Data provided Block Start

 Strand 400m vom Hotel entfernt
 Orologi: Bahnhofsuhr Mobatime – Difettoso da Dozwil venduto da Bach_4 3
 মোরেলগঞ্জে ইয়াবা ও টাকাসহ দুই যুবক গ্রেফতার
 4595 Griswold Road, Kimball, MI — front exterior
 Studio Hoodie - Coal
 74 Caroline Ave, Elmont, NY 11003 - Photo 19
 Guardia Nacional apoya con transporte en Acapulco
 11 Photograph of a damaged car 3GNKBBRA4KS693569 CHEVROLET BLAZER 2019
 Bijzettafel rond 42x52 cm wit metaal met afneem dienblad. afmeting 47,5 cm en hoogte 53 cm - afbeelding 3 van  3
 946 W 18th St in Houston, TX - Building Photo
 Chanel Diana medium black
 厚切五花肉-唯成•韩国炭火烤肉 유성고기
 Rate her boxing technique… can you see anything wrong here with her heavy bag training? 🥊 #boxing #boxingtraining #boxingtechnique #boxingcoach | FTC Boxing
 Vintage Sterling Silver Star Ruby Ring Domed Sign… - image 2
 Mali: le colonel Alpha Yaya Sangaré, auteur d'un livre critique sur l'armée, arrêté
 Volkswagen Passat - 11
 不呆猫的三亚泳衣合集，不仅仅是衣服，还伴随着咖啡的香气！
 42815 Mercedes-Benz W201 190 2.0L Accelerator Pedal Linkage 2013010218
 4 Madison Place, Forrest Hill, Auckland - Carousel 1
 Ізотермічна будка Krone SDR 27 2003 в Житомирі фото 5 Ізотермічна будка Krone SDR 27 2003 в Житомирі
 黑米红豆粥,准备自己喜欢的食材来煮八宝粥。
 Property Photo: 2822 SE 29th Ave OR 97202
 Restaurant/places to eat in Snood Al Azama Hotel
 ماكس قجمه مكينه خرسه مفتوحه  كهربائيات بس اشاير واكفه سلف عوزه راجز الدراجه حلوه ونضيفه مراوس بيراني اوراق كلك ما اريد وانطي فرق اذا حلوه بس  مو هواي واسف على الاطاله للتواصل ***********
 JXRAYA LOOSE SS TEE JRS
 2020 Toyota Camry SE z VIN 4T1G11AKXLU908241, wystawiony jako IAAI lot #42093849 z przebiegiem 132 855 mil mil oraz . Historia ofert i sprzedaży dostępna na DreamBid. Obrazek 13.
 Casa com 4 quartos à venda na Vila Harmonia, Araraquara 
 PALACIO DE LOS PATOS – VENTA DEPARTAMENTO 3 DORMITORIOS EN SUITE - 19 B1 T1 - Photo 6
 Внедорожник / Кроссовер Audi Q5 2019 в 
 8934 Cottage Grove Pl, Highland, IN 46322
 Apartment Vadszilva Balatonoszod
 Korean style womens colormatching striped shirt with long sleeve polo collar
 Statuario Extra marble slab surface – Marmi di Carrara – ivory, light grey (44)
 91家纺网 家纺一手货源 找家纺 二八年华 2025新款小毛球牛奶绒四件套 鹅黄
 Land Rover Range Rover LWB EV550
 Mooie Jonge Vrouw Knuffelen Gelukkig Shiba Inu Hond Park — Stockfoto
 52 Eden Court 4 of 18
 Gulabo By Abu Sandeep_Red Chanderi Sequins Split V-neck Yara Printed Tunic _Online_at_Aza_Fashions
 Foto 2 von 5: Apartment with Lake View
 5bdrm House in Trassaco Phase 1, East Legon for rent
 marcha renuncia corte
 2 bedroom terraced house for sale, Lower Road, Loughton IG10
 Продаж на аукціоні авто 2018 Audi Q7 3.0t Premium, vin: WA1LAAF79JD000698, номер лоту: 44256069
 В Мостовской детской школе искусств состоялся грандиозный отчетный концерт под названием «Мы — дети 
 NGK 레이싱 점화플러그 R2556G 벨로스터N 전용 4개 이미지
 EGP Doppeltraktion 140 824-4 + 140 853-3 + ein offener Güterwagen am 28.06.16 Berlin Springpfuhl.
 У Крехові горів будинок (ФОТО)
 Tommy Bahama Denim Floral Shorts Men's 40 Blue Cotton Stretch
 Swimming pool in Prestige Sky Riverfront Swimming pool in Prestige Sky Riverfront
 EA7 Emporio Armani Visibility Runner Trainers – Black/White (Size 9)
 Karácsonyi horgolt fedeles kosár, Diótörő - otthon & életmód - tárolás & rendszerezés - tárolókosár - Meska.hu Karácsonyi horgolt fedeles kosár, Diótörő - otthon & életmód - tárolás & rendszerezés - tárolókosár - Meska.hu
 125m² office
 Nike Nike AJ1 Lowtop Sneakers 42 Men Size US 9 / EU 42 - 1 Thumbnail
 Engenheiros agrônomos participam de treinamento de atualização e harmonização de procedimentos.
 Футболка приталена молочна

Data provided Block End

• Task objective: Given the records above, return exactly the lines starting at the line containing "Volkswagen Passat - 11" and ending at the line containing "52 Eden Court 4 of 18", including both.

• Expected output:
 Volkswagen Passat - 11
 不呆猫的三亚泳衣合集，不仅仅是衣服，还伴随着咖啡的香气！
 42815 Mercedes-Benz W201 190 2.0L Accelerator Pedal Linkage 2013010218
 4 Madison Place, Forrest Hill, Auckland - Carousel 1
 Ізотермічна будка Krone SDR 27 2003 в Житомирі фото 5 Ізотермічна будка Krone SDR 27 2003 в Житомирі
 黑米红豆粥,准备自己喜欢的食材来煮八宝粥。
 Property Photo: 2822 SE 29th Ave OR 97202
 Restaurant/places to eat in Snood Al Azama Hotel
 ماكس قجمه مكينه خرسه مفتوحه  كهربائيات بس اشاير واكفه سلف عوزه راجز الدراجه حلوه ونضيفه مراوس بيراني اوراق كلك ما اريد وانطي فرق اذا حلوه بس  مو هواي واسف على الاطاله للتواصل ***********
 JXRAYA LOOSE SS TEE JRS
 2020 Toyota Camry SE z VIN 4T1G11AKXLU908241, wystawiony jako IAAI lot #42093849 z przebiegiem 132 855 mil mil oraz . Historia ofert i sprzedaży dostępna na DreamBid. Obrazek 13.
 Casa com 4 quartos à venda na Vila Harmonia, Araraquara 
 PALACIO DE LOS PATOS – VENTA DEPARTAMENTO 3 DORMITORIOS EN SUITE - 19 B1 T1 - Photo 6
 Внедорожник / Кроссовер Audi Q5 2019 в 
 8934 Cottage Grove Pl, Highland, IN 46322
 Apartment Vadszilva Balatonoszod
 Korean style womens colormatching striped shirt with long sleeve polo collar
 Statuario Extra marble slab surface – Marmi di Carrara – ivory, light grey (44)
 91家纺网 家纺一手货源 找家纺 二八年华 2025新款小毛球牛奶绒四件套 鹅黄
 Land Rover Range Rover LWB EV550
 Mooie Jonge Vrouw Knuffelen Gelukkig Shiba Inu Hond Park — Stockfoto
 52 Eden Court 4 of 18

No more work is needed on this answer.